=== Records from a dataset ===
###

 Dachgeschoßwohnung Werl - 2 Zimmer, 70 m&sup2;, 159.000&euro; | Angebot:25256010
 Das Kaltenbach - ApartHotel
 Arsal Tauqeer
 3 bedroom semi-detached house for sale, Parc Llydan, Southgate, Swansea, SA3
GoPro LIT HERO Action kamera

###

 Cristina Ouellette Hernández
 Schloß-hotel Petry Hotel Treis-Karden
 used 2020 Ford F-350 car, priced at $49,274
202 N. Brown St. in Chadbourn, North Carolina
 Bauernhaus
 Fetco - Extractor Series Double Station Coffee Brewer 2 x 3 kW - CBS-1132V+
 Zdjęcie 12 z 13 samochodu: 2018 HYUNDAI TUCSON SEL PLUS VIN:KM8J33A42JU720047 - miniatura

###

=== PROBLEM DESCRIPTION ===
Output the lines of the records above exactly as they appear, from the line containing "Fetco - Extractor" through the line containing "Zdjęcie 12 z".

=== RESPONSE FOR THIS EXERCISE ===
 Fetco - Extractor Series Double Station Coffee Brewer 2 x 3 kW - CBS-1132V+
 Zdjęcie 12 z 13 samochodu: 2018 HYUNDAI TUCSON SEL PLUS VIN:KM8J33A42JU720047 - miniatura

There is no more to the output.